● **Exercise prompt**: In the copy, include every entry exactly but none of the pictures.

[Short descriptive text snippets]
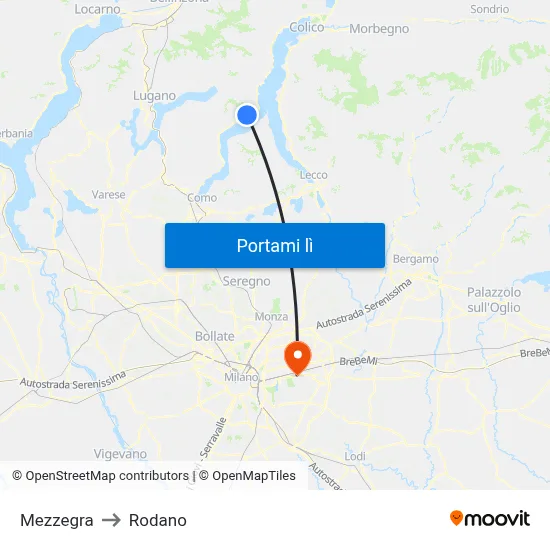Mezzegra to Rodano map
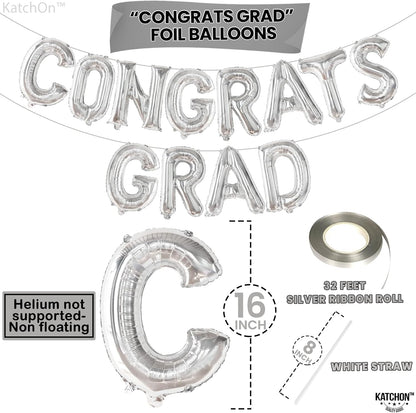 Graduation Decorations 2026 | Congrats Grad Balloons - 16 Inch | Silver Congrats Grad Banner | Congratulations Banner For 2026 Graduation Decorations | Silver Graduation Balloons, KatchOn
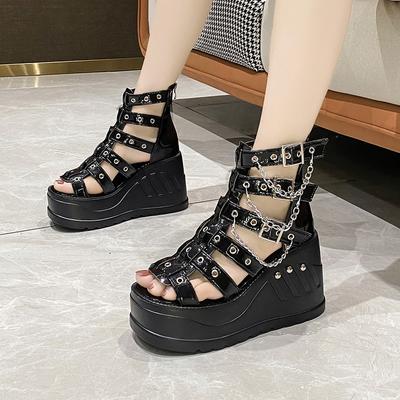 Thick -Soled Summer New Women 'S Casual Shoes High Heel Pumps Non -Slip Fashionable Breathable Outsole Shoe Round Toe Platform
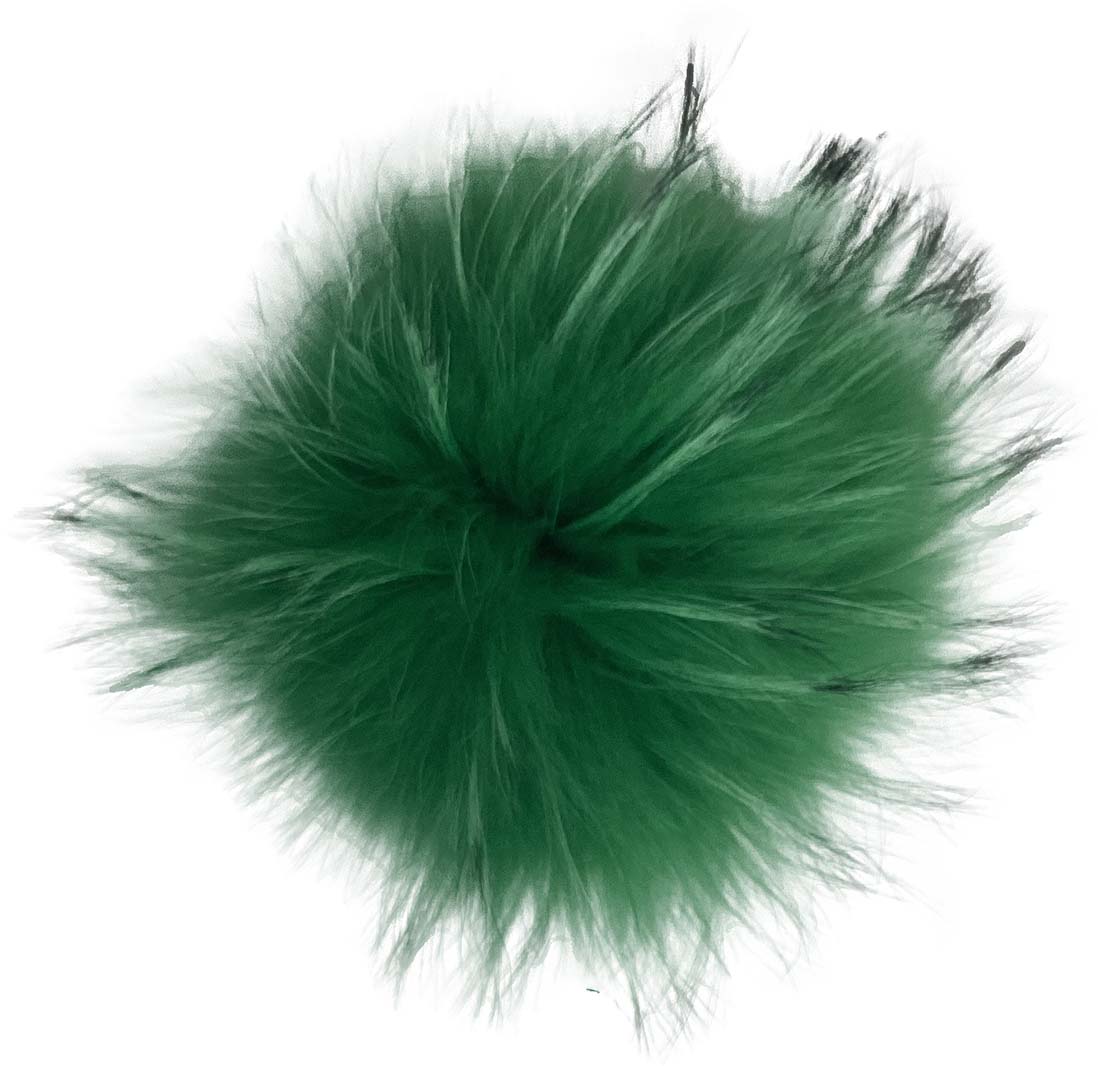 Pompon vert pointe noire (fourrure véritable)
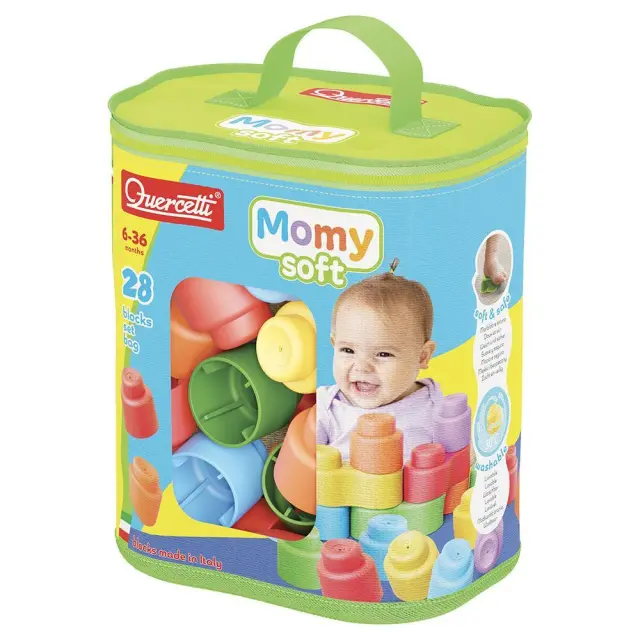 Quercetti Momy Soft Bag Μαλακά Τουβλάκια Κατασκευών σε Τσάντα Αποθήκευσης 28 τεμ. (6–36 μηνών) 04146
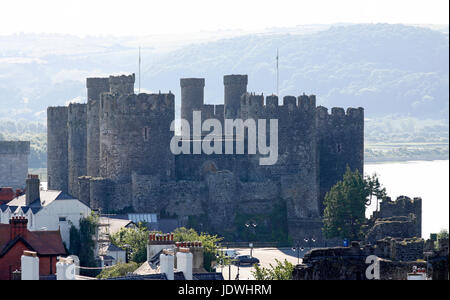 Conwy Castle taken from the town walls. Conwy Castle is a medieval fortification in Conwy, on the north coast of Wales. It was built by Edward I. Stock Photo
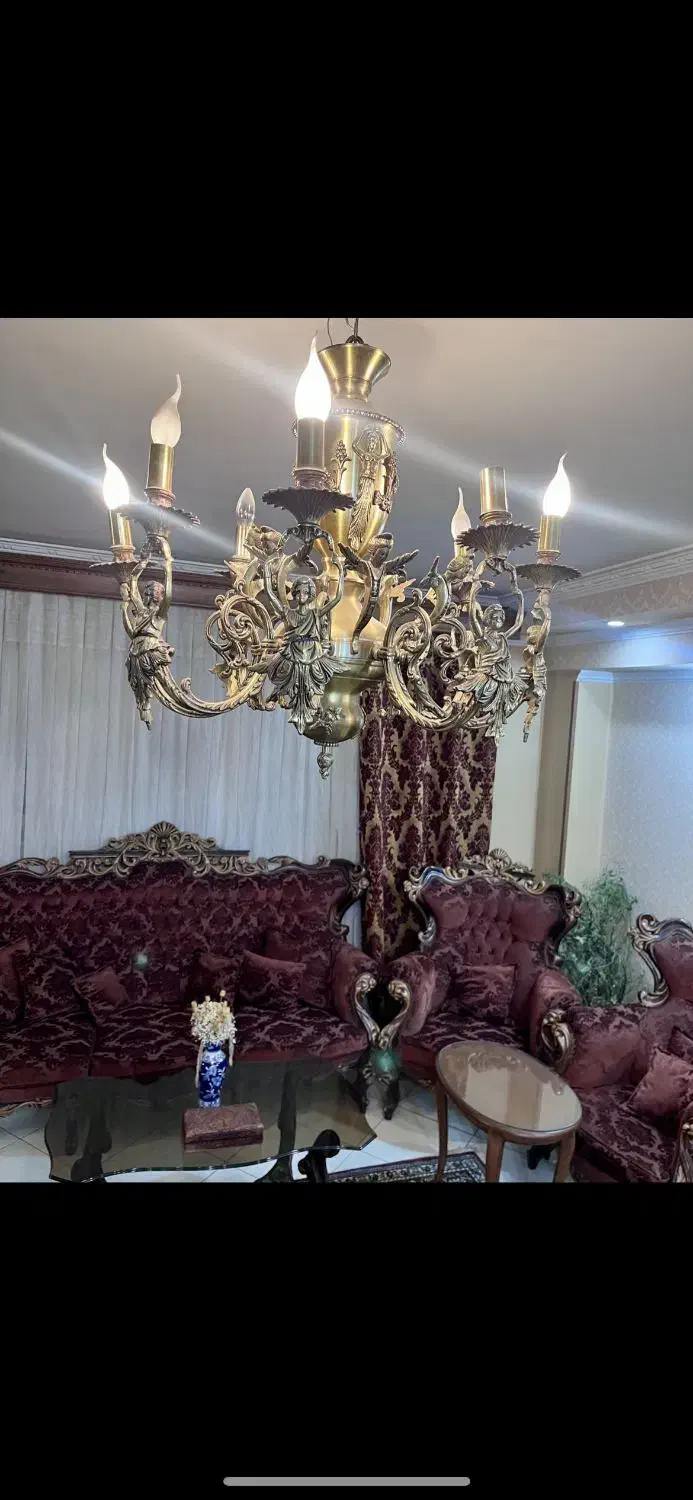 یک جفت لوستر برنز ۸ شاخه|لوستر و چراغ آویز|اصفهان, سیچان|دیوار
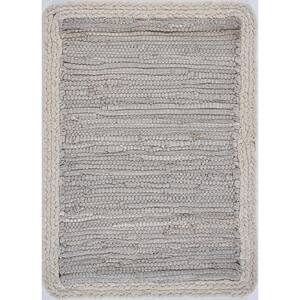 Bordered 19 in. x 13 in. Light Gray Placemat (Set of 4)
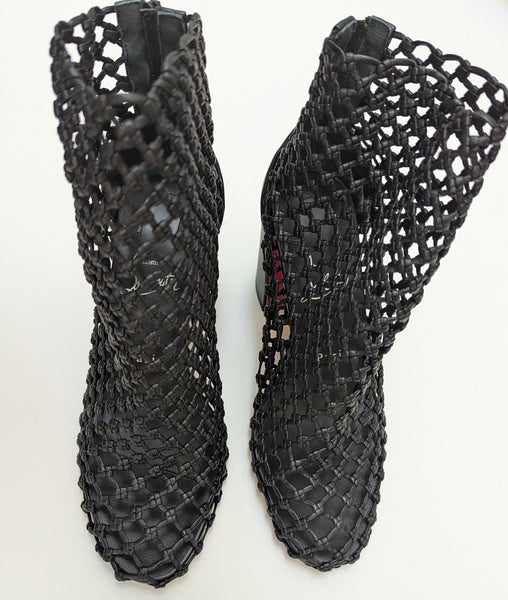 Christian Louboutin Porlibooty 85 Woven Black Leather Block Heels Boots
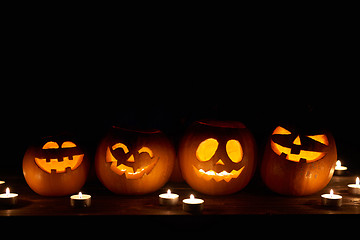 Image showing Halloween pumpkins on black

● **Result of the exercise**:
Mezzegra to Rodano map
 Graduation Decorations 2026 | Congrats Grad Balloons - 16 Inch | Silver Congrats Grad Banner | Congratulations Banner For 2026 Graduation Decorations | Silver Graduation Balloons, KatchOn
 Thick -Soled Summer New Women 'S Casual Shoes High Heel Pumps Non -Slip Fashionable Breathable Outsole Shoe Round Toe Platform
 Pompon vert pointe noire (fourrure véritable)
 Quercetti Momy Soft Bag Μαλακά Τουβλάκια Κατασκευών σε Τσάντα Αποθήκευσης 28 τεμ. (6–36 μηνών) 04146
 Conwy Castle taken from the town walls. Conwy Castle is a medieval fortification in Conwy, on the north coast of Wales. It was built by Edward I. Stock Photo
 یک جفت لوستر برنز ۸ شاخه|لوستر و چراغ آویز|اصفهان, سیچان|دیوار
 Bordered 19 in. x 13 in. Light Gray Placemat (Set of 4)
 Christian Louboutin Porlibooty 85 Woven Black Leather Block Heels Boots
 Image showing Halloween pumpkins on black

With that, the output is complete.